4.1 The Usage of Anti-debugging and Anti-VM Techniques

To answer questions Q1, Q2, we first calculate the percentage of samples that use anti-debugging and anti-VM techniques for each malware family. As shown in Table 4, the majority of samples use either anti-debugging or anti-VM techniques. 68.6 % targeted malware samples use anti-debugging techniques, which is less than most generic malware families, and 84.2 % targeted malware samples use anti-VM techniques, which is more than all generic malware families.
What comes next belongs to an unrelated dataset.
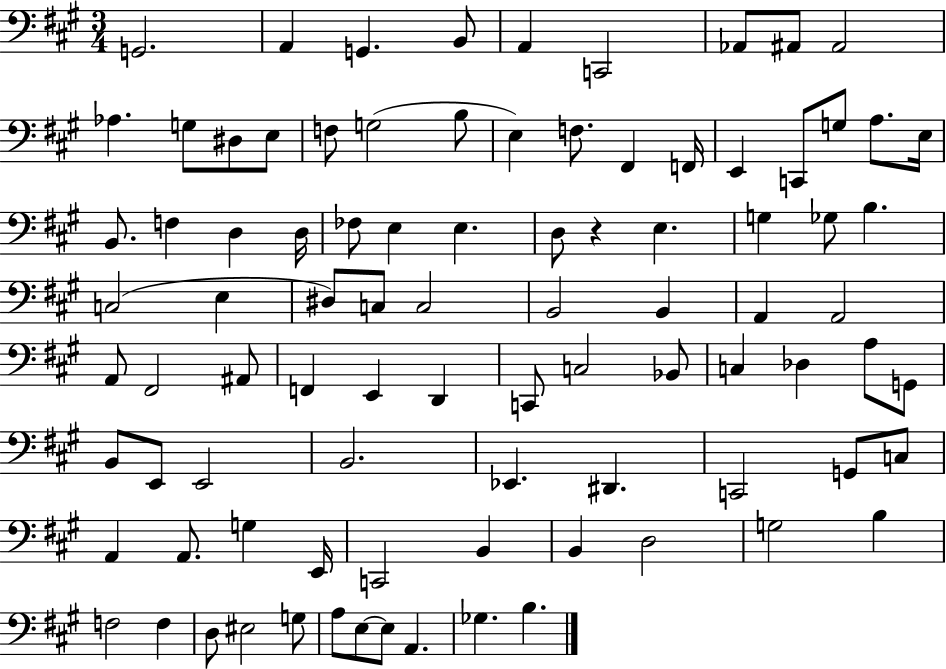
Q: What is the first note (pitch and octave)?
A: G2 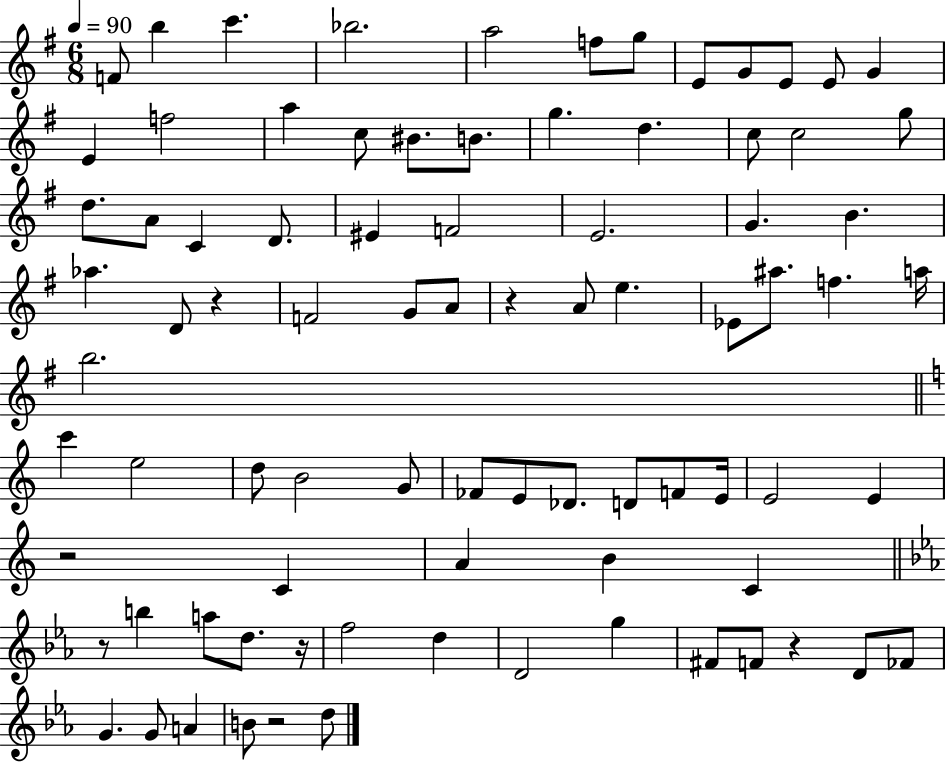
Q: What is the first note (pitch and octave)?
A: F4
Thus by simply comparing the percentage of samples in each family, we can see that anti-debugging techniques are less popular in targeted malware, and anti-VM techniques are more commonly found in targeted malware.
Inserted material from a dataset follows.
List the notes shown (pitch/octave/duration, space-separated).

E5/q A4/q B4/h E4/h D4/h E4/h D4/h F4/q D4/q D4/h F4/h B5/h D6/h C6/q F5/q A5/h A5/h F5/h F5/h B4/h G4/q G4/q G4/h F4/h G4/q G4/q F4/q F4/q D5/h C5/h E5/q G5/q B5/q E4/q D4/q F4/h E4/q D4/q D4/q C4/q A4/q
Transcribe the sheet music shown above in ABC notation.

Table 4. Percentage of samples using anti-debugging/anti-VM techniques in each malware family

We then calculate the average the number of detected anti-debugging/anti-VM techniques in each family, and compare the average numbers of generic malware family to targeted malware using Z-test. Z-test is a statistical function that can be used to compare means of two samples. With a Z value bigger than 2.58 and p-value smaller than 1 %, we can say that the means of two samples are significantly different.
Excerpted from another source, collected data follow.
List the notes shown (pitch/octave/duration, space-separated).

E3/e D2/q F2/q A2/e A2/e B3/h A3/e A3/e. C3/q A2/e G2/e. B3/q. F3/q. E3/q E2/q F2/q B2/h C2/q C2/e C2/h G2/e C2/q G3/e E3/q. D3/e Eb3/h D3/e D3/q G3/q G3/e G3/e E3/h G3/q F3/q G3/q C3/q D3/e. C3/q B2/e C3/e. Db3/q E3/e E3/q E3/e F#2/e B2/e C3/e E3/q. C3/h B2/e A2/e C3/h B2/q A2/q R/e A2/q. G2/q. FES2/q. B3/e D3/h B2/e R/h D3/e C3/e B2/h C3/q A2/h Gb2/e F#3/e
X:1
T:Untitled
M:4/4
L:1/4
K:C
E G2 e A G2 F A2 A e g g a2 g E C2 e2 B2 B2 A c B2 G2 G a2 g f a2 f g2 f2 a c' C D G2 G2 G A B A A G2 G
As shown in Table 5, the average number of detected anti-debugging techniques in targeted malware is neither smallest nor biggest. Since all the Z values are bigger than 2.58, with p-values smaller than 1 %, we can accept all the hypotheses that the average number of detected anti-debugging in targeted malware is significantly different to all generic malware families. In other words, targeted malware do not necessarily use more anti-debugging techniques than generic malware. Thus the answer to question Q1 is still negative.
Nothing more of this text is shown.